■ Work to complete
In the material below, write out each line word for word and omit the pictures.

■ Information supplied

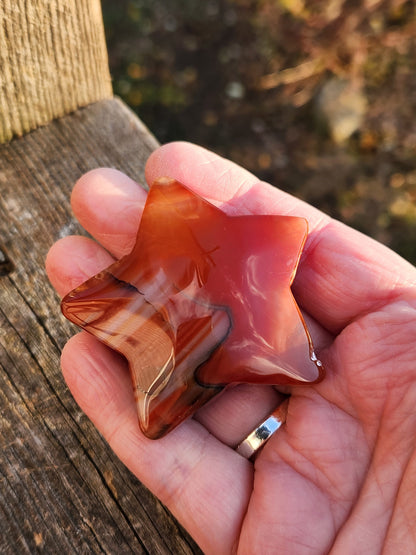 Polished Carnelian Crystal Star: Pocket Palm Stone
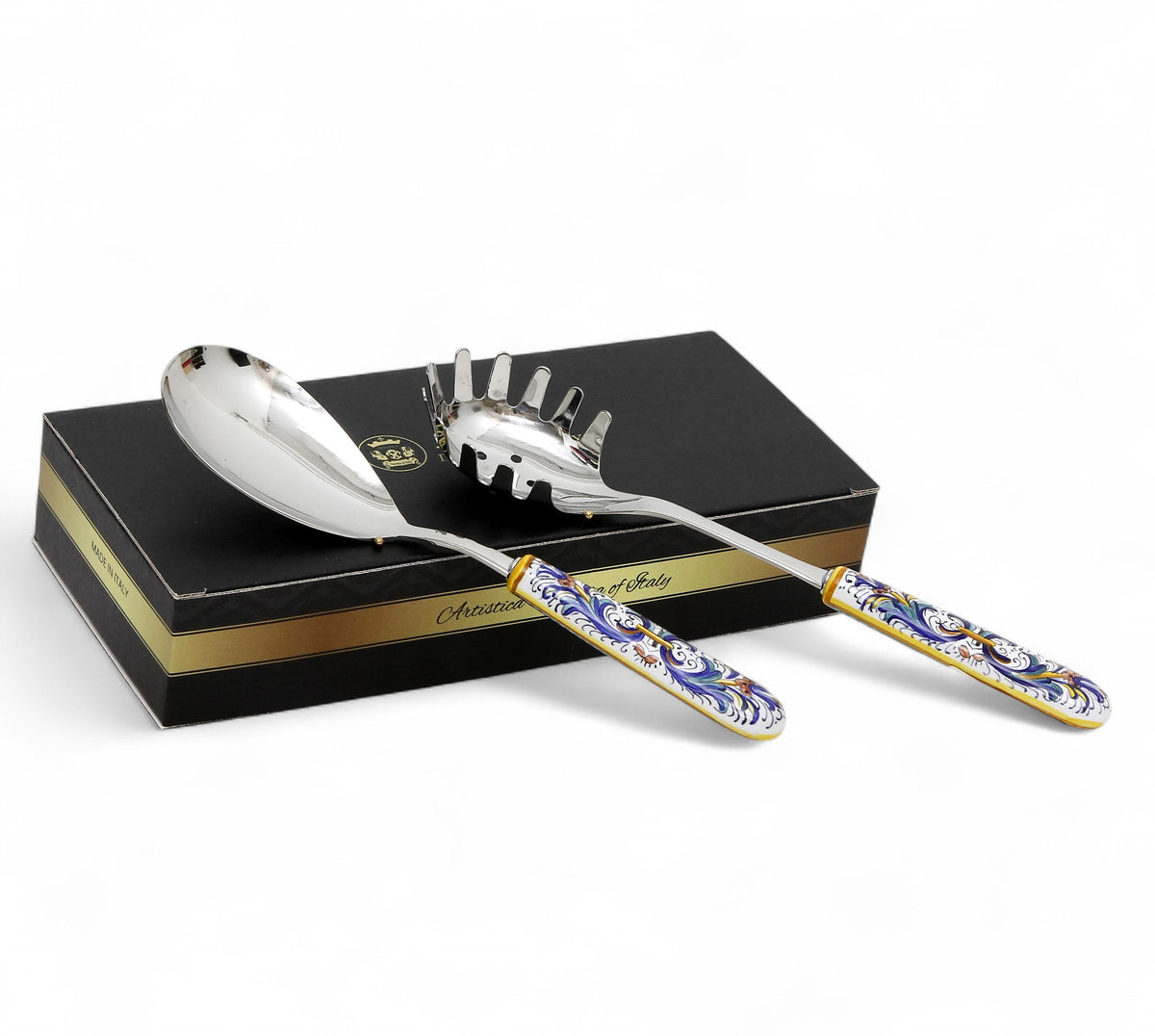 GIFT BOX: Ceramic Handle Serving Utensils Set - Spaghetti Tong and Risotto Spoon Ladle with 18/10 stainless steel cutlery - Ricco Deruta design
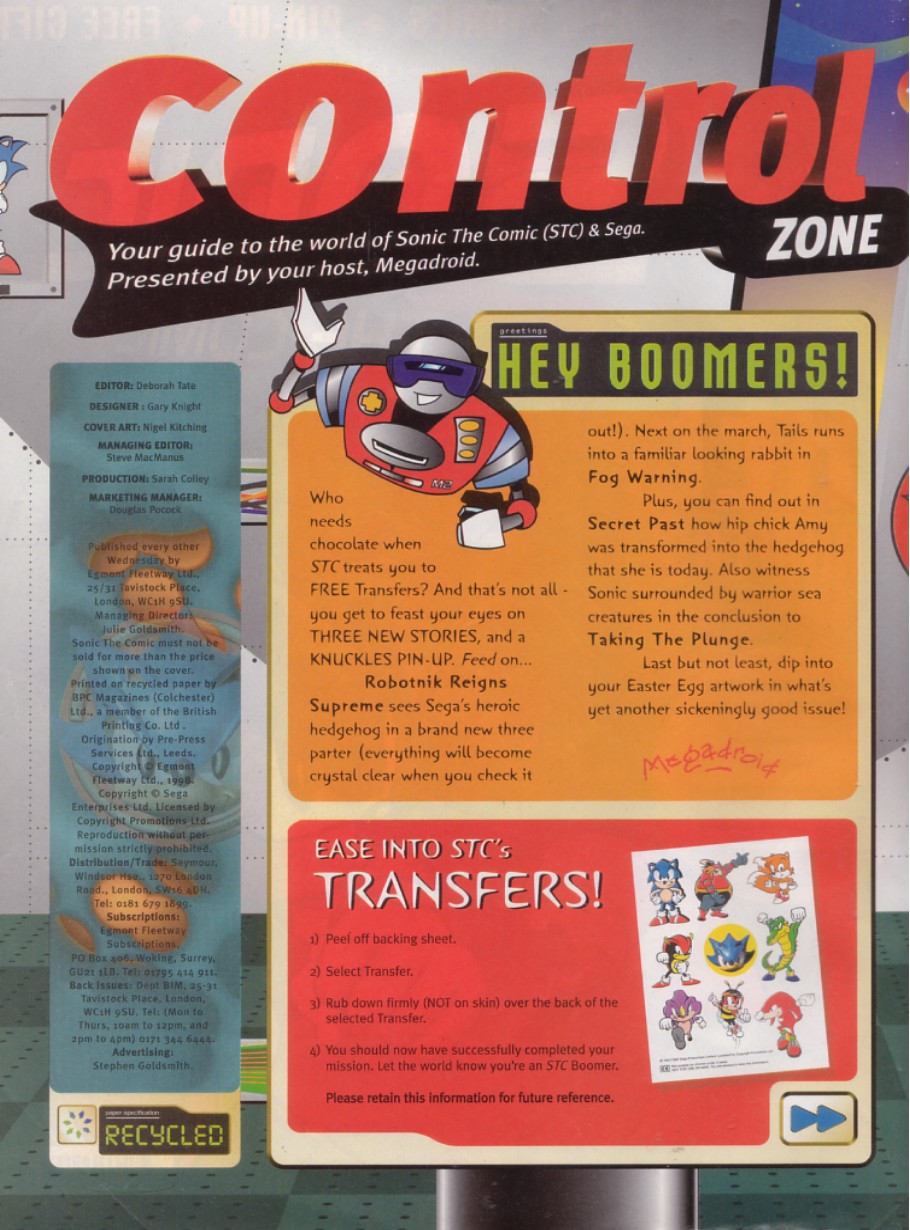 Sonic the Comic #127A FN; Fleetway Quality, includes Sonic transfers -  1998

■ Exercise result
 Polished Carnelian Crystal Star: Pocket Palm Stone
 GIFT BOX: Ceramic Handle Serving Utensils Set - Spaghetti Tong and Risotto Spoon Ladle with 18/10 stainless steel cutlery - Ricco Deruta design
 Sonic the Comic #127A FN; Fleetway Quality, includes Sonic transfers -  1998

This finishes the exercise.